> **ACTION ITEM**
Keep images out and repeat all data exactly.

> **RECORDS FOR THIS EXERCISE**
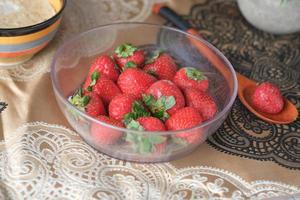 Fresas frescas en un recipiente sobre la mesa foto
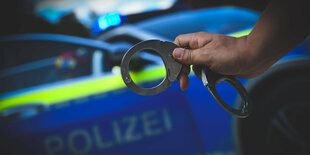 Eine Hand hält Handschellen vor einem Polizeifahrzeug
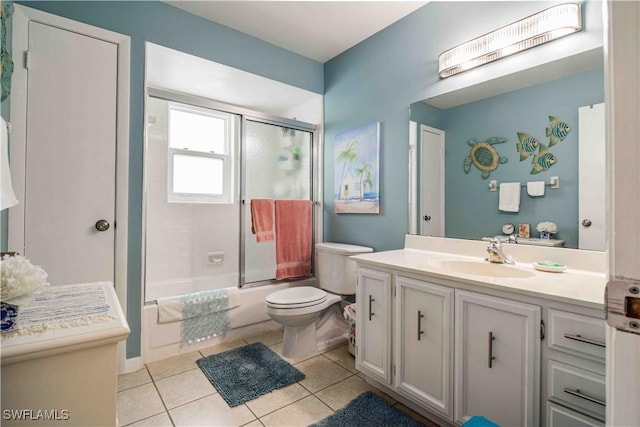 bathroom featuring vanity, tile patterned floors, toilet, and enclosed tub / shower combo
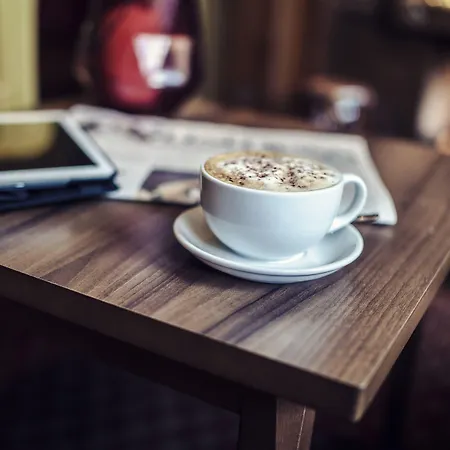 Отель Carlton George 4*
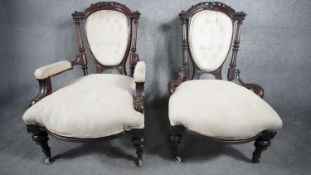 A Victorian carved mahogany framed armchair in buttoned upholstery along with the matching nursing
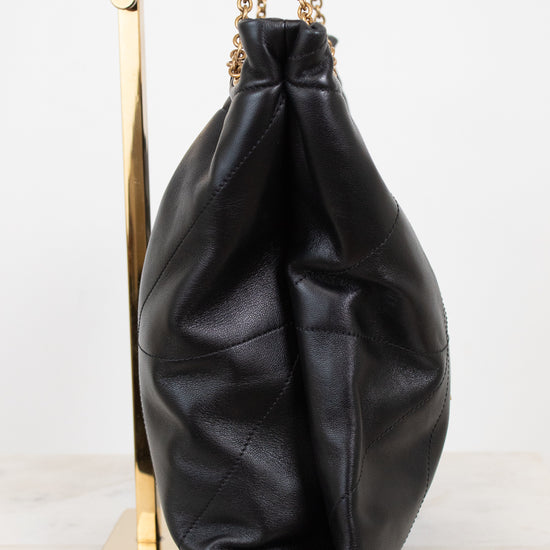 A black leather slouchy bucket bag with gold chain straps, displayed on a gold stand against a white background.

> **FINAL ANSWER**
 Fresas frescas en un recipiente sobre la mesa foto
 Eine Hand hält Handschellen vor einem Polizeifahrzeug
 bathroom featuring vanity, tile patterned floors, toilet, and enclosed tub / shower combo
 Отель Carlton George 4*
 A Victorian carved mahogany framed armchair in buttoned upholstery along with the matching nursing
 A black leather slouchy bucket bag with gold chain straps, displayed on a gold stand against a white background.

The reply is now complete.